## What you should do
All of the entries below need to be repeated exactly.

Web page caption snippets:
● ● ●

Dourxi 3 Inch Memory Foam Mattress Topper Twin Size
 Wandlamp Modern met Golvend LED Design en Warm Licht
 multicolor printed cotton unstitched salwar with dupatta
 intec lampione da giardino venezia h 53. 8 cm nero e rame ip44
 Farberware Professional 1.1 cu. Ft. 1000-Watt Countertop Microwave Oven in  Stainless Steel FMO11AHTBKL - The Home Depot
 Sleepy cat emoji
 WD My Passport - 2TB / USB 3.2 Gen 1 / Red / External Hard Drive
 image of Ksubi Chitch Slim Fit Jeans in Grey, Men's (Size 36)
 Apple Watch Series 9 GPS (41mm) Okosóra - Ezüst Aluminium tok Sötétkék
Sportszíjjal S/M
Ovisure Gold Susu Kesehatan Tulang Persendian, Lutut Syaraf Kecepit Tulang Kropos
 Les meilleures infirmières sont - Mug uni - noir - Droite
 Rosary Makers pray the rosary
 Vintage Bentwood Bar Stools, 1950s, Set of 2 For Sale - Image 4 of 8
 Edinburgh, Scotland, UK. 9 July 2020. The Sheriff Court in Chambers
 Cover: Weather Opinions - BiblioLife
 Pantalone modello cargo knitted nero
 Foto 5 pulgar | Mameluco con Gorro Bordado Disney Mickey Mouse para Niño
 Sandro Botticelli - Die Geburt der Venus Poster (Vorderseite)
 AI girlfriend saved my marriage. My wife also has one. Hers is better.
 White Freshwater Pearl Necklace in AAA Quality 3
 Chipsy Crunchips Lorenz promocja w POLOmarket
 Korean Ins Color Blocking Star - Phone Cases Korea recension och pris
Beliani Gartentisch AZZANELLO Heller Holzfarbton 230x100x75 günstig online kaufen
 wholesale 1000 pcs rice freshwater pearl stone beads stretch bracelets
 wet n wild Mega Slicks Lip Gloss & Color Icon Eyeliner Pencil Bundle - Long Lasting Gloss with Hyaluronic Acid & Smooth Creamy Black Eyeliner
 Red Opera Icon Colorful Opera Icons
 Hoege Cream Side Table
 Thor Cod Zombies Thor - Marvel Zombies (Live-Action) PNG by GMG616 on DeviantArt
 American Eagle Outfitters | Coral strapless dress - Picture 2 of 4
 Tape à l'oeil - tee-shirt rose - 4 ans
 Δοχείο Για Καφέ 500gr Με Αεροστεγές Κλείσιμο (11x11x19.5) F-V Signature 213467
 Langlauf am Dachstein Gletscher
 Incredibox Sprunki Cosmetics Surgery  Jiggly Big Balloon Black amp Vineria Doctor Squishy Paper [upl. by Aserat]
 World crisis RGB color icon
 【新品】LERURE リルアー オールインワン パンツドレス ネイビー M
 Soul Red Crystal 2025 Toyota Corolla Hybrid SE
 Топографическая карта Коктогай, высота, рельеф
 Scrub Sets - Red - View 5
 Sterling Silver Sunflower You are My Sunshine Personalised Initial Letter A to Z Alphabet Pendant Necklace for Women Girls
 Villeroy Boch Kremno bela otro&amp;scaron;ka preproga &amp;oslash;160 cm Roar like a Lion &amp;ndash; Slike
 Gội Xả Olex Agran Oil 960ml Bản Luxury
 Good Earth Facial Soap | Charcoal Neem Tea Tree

● ● ●

## Expected answer
Dourxi 3 Inch Memory Foam Mattress Topper Twin Size
 Wandlamp Modern met Golvend LED Design en Warm Licht
 multicolor printed cotton unstitched salwar with dupatta
 intec lampione da giardino venezia h 53. 8 cm nero e rame ip44
 Farberware Professional 1.1 cu. Ft. 1000-Watt Countertop Microwave Oven in  Stainless Steel FMO11AHTBKL - The Home Depot
 Sleepy cat emoji
 WD My Passport - 2TB / USB 3.2 Gen 1 / Red / External Hard Drive
 image of Ksubi Chitch Slim Fit Jeans in Grey, Men's (Size 36)
 Apple Watch Series 9 GPS (41mm) Okosóra - Ezüst Aluminium tok Sötétkék
Sportszíjjal S/M
Ovisure Gold Susu Kesehatan Tulang Persendian, Lutut Syaraf Kecepit Tulang Kropos
 Les meilleures infirmières sont - Mug uni - noir - Droite
 Rosary Makers pray the rosary
 Vintage Bentwood Bar Stools, 1950s, Set of 2 For Sale - Image 4 of 8
 Edinburgh, Scotland, UK. 9 July 2020. The Sheriff Court in Chambers
 Cover: Weather Opinions - BiblioLife
 Pantalone modello cargo knitted nero
 Foto 5 pulgar | Mameluco con Gorro Bordado Disney Mickey Mouse para Niño
 Sandro Botticelli - Die Geburt der Venus Poster (Vorderseite)
 AI girlfriend saved my marriage. My wife also has one. Hers is better.
 White Freshwater Pearl Necklace in AAA Quality 3
 Chipsy Crunchips Lorenz promocja w POLOmarket
 Korean Ins Color Blocking Star - Phone Cases Korea recension och pris
Beliani Gartentisch AZZANELLO Heller Holzfarbton 230x100x75 günstig online kaufen
 wholesale 1000 pcs rice freshwater pearl stone beads stretch bracelets
 wet n wild Mega Slicks Lip Gloss & Color Icon Eyeliner Pencil Bundle - Long Lasting Gloss with Hyaluronic Acid & Smooth Creamy Black Eyeliner
 Red Opera Icon Colorful Opera Icons
 Hoege Cream Side Table
 Thor Cod Zombies Thor - Marvel Zombies (Live-Action) PNG by GMG616 on DeviantArt
 American Eagle Outfitters | Coral strapless dress - Picture 2 of 4
 Tape à l'oeil - tee-shirt rose - 4 ans
 Δοχείο Για Καφέ 500gr Με Αεροστεγές Κλείσιμο (11x11x19.5) F-V Signature 213467
 Langlauf am Dachstein Gletscher
 Incredibox Sprunki Cosmetics Surgery  Jiggly Big Balloon Black amp Vineria Doctor Squishy Paper [upl. by Aserat]
 World crisis RGB color icon
 【新品】LERURE リルアー オールインワン パンツドレス ネイビー M
 Soul Red Crystal 2025 Toyota Corolla Hybrid SE
 Топографическая карта Коктогай, высота, рельеф
 Scrub Sets - Red - View 5
 Sterling Silver Sunflower You are My Sunshine Personalised Initial Letter A to Z Alphabet Pendant Necklace for Women Girls
 Villeroy Boch Kremno bela otro&amp;scaron;ka preproga &amp;oslash;160 cm Roar like a Lion &amp;ndash; Slike
 Gội Xả Olex Agran Oil 960ml Bản Luxury
 Good Earth Facial Soap | Charcoal Neem Tea Tree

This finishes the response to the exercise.